Your comments and suggestions are most welcome.


----------



## AltaRed (Jun 8, 2009)

Don't mix yield with return. Yield is what you get in investment income. Return is what you get with the sum of investment income plus capital appreciation. Which do you want?

I do agree with the advisor on one thing. Funds with high yield often have a ROC component that is giving back some of your own capital without necessarily telling you explicitly (only known in a non-reg account when it shows on a T3 tax slip). That is not necessarily a bad thing in retirement since the ultimate goal IS to eat away at capital over time, but you should at least be aware of it and how that plays out over 20 years or so.
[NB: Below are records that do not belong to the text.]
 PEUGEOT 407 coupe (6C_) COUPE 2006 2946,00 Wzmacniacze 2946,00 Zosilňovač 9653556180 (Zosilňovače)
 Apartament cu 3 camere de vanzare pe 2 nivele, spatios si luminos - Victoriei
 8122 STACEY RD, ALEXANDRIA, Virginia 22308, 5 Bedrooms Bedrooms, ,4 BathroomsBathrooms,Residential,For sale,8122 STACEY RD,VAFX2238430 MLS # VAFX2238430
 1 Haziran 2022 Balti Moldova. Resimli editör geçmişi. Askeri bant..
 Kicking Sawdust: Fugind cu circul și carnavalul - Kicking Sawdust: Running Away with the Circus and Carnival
Overall I am not fond of the Fidelity choices. There is no reason today why you cannot get a yield of 3*% in a good dividend ETF for your equity (maybe 6% total return with capital appreciation). Hard to get a 3% yield out of a fixed income product unless it is a higher risk corporate bond product - stay away from high yield (below investment grade, i.e. junk) bonds. 

Only you and your advisor can decide whether to be 60/40 or 45/55 allocation. We are nearing the end of the current business cycle so the question is when, not if. How do you want to prepare for that, if at all?
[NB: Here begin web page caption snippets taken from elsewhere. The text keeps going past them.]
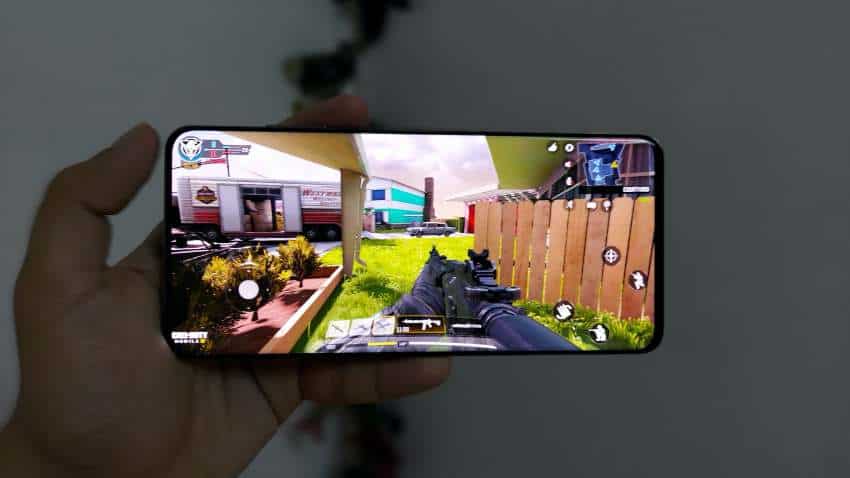 Samsung Galaxy S20 Ultra review: Redefining premium with awe-inspiring  camera capabilities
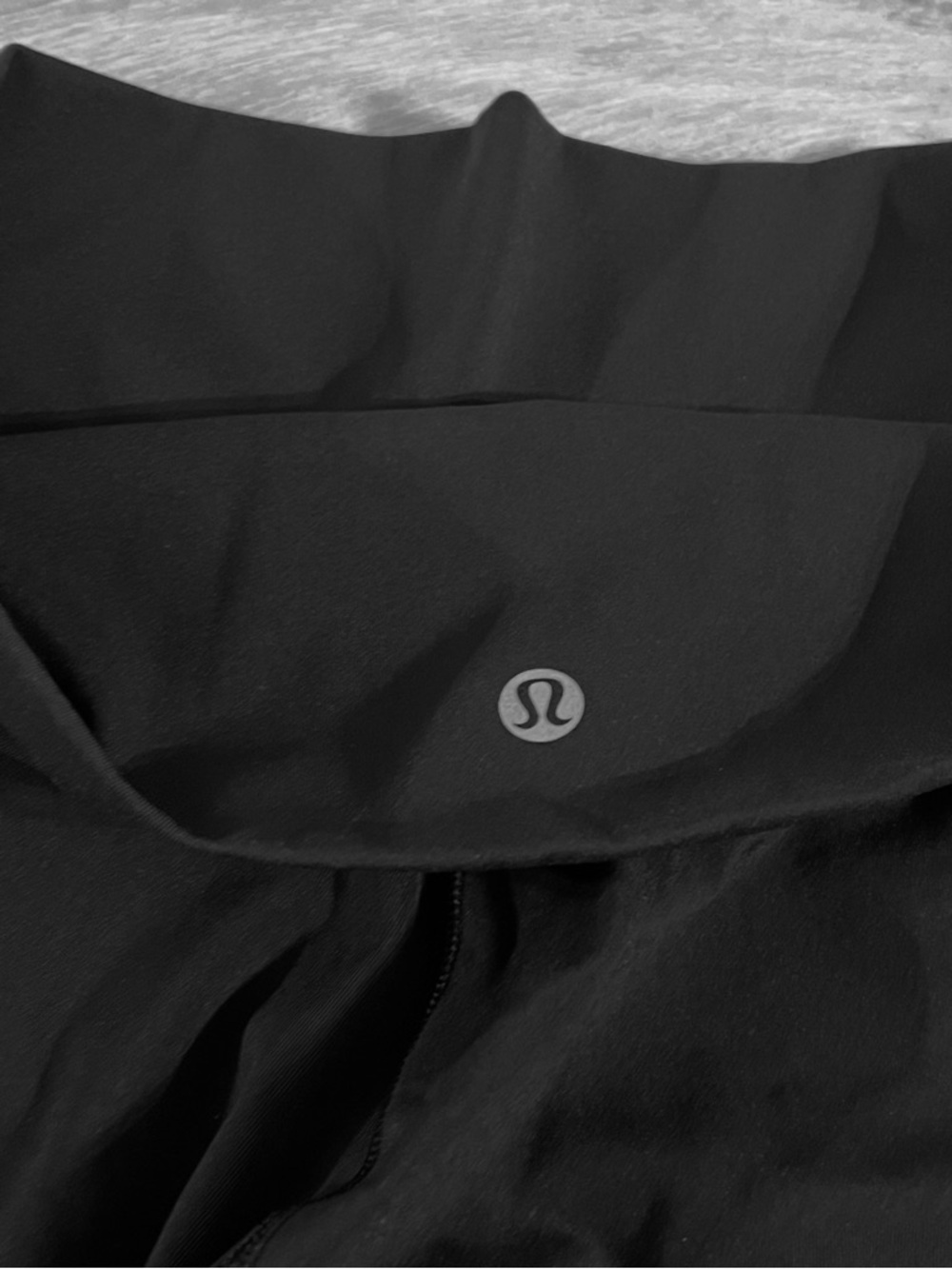 Lululemon Wunder Under Crop II - Picture 6 of 12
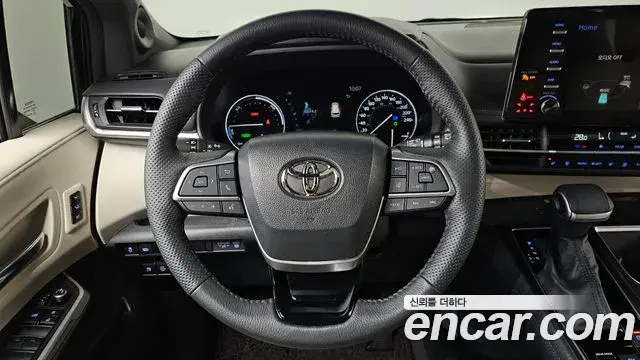 Toyota Sienna 2023 — Photo 5/20
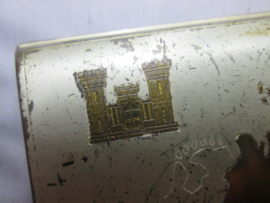 US- Army cigarette case ENGINEERS- 1945. sigaretten etui, met embleem US Engineers, afgebeeld Duitsland datum 1945.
Added: If you actually mean 4% yield with a 60/40 portfolio net of advisor fees, that will be near impossible without return of capital, or taking concentrated risk in both your equity and fixed income allocations, or giving up capital appreciation (examples include lame stocks like PWF), or even putting capital at risk.


----------



## like_to_retire (Oct 9, 2016)

AltaRed said:


> Overall I am not fond of the Fidelity choices. There is no reason today why you cannot get a yield of 3*% in a good dividend ETF for your equity (*maybe 6% total return with capital appreciation*).


Yeah agreed, for sure. And that _total return_ is all in your pocket without an advisor siphoning it off toward their own retirement.

Reading that interchange with jman123's advisor makes me weak. Sigh.... 

I could poke more holes in it than Swiss cheese - but why bother.

This thread has gone on a long time. I decided to re-read it today to get a better feel for it and I would say jman123 simply isn't listening to what people are telling him.

Even on page one.



jman123 said:


> I am also conflicted on whether to keep going with this adviser as I pay him 1% of my assets for his services and frankly recommending one fund and sitting on it for years doesn't seem to warrant the $8K/year for his services.





OptsyEagle said:


> ...you either use an advisor and pay well above 1% in fees (probably closer to 2%) or you do it yourself. Your call. Good luck.


jman123 could make a lot of investing mistakes for the kind of money his advisor is pulling in.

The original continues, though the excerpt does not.